Dover Athletic skipper Mitch Brundle says no-one at Crabble is getting carried away by their fine start
00:00, 06 October 2017
Skipper Mitch Brundle says it’s so far so good for Dover but there is no way the squad will allow complacency to set in.
Tuesday's last-gasp 2-2 draw at fellow play-off hopefuls Sutton kept Whites in the top two of the National League and on Saturday they travel to bottom club Torquay.
Chris Kinnear’s men have twice been top this season - most recently after Saturday's 1-0 home win over Solihull - but Brundle says no-one at Crabble is getting carried away.
The midfielder said: “So far so good and all the boys will tell you the atmosphere in the dressing room is unbelievable.
“Everything’s going well but no one’s getting complacent. The first thing the gaffer says when he comes in (after a win) is ‘right that’s a great result but now we start looking at the next game’ and that’s great because the moment you start thinking you’re just going to go in and win a game, things can go wrong.

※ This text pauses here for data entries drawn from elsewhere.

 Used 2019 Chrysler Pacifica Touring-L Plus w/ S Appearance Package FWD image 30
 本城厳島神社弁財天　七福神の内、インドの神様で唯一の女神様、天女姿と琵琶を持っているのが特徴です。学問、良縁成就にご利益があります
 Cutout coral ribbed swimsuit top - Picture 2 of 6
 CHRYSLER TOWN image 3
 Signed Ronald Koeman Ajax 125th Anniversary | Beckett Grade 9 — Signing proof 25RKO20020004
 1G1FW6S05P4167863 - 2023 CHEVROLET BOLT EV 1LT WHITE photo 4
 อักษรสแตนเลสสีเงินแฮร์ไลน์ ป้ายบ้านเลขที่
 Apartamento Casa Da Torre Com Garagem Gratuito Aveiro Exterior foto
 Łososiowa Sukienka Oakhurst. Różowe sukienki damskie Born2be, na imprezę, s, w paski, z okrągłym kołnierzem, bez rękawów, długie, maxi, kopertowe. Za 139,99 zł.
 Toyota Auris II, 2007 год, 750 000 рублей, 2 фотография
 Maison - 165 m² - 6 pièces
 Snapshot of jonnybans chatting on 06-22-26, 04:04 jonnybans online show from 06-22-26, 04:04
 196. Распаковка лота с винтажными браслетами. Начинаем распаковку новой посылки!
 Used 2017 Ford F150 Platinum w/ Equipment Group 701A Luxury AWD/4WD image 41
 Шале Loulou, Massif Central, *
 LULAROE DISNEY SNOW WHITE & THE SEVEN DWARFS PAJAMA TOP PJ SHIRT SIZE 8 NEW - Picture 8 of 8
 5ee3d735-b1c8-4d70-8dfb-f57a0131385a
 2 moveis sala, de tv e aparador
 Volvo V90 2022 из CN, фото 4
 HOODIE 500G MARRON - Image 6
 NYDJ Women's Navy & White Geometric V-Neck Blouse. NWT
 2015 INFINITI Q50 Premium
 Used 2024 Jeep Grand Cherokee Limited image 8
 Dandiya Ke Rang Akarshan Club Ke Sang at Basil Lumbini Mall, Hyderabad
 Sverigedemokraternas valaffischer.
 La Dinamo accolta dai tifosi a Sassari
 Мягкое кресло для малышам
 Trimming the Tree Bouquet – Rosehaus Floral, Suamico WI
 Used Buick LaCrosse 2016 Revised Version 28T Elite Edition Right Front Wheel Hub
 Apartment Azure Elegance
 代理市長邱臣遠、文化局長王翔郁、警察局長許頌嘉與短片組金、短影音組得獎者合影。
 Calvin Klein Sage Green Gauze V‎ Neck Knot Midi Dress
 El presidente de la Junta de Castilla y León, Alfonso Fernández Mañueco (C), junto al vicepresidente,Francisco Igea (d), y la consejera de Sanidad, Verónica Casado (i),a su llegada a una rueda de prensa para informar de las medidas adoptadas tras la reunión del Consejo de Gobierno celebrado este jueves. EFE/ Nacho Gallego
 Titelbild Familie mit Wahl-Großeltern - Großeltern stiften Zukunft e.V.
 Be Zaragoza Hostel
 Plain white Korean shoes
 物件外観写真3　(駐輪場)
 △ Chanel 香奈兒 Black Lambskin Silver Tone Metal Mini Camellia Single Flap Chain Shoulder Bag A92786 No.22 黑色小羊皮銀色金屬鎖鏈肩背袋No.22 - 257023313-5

“That’s the nature of this league. If you tried to predict a few results this Saturday nine times out of 10 you’d get most of them wrong. You look at it and you think ‘how did they win there?’
“It’s happened to us. We felt confident going into the Boreham Wood game (Whites were top when they lost 1-0 at home in September), maybe naivety did that but it’s good to have that lesson early because it will remind people that we maybe got a bit ahead of ourselves.”
Whites boss Kinnear says the only time being top matters is at the end of the season and his 22-year-old skipper is of the same opinion.
Brundle added: “I’m not really one to look (at the table). It’s a bit false looking now because people start saying ‘oh we’ve got to win this game or that game’.
“It’s important just to keep doing the basics right. If you do that, at the end of the day you’ll find yourself up there, if you don’t, you won’t.”
Brundle says Whites need to be wary of the threat posed by Torquay, who beat Maidenhead 4-0 at Plainmoor on Tuesday to claim their first win of the campaign.
He said: “When you’re down at the bottom and you play the big teams they’re your free games and people play with a bit more freedom.
“Before you know it, people start nicking results off you and you end up crawling back down the table quicker than you came up it."